For cast, crew and musicians – indeed anyone – connected with Edward’s Boys nothing ever seems a problem. This is not to say that there are no difficulties, nor that we put anything less than total commitment and effort into the productions. It is simply that neither of two fairly common theatrical situations ever seems to arise.
1. There is never any sense of the “School Play”, of ‘the safe bet’, of the ‘dumbed-down’ version. (Consequently, there is no sense of pupils being told how to do it properly by the teacher).
2. There are no fraught concept meetings and general feelings of crisis that accompany productions which strive to achieve ‘professional’ quality.
Edward’s Boys performances manage to emerge as exciting, accessible, thought-provoking and notably free from bespectacled men in black turtle-necks on bare stages. The simple reason for this is the company’s approach (“Production Philosophy”).
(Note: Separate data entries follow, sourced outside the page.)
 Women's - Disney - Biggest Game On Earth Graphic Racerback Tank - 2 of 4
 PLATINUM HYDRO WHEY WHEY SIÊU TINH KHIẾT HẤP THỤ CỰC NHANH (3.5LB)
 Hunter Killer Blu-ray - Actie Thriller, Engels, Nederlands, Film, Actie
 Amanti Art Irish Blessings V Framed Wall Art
From Day One Mills focuses on the text, and, as soon as this has been explored and mastered by the cast (usually in two or three weeks) the production is allowed up on its feet. The idea of rehearsal and production as a “Job o’ Work” is one freely touted by both director and cast, and results in a company ethos not only ‘professional’ beyond its years but also lacking pretension. The cast, the stage management and the musicians dispatch any necessary task with aplomb. “Just do it!” is not a company maxim by chance. It is Mills’ response to any question or problem that arises (“Sir, we haven’t got this piece of set yet,” “Sir, we haven’t rehearsed scene three enough,” “Sir, the lights aren’t in the right place,” etc). Any problem is dealt with so swiftly that it ceases to be one. This attitude is exemplified by the director and displayed by the company: boys source their own costumes, practise lines and accents together, and calmly re-block scenes on tour, as a matter of course.
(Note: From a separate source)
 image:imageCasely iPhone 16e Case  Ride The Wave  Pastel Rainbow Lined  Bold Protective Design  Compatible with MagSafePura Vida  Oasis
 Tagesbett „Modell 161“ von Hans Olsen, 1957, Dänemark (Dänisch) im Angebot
As a result, an attitude of ownership develops within the cast, and has been passed on through cohorts of boys. Mills’ customary “disappearance” during performances merely encourages and confirms this sense of ownership. I had always expected a director would watchthe play we had worked on together so I was both surprised and disappointed when I first experienced his apparent indifference. Then I realised that, in effect, this was trust in action. We knew what we had to do. “Just do it!” Trust is at the core of our work. As well as creating a cohesive company in the twentieth-first century, I suspect a similar approach was shared by the original boys’ companies. All cast bulletins and emails are signed off with: “Onwards and upwards! Downwards and through!” It is precisely this balance that makes Edward’s Boys the phenomenon it is. Whilst actively engaging with ground-breaking primary research and exploring some very dark recesses of the theatrical past, we also have enormous fun. Furthermore, this is also a hard-working and humble group of people happy to get their hands very, very dirty.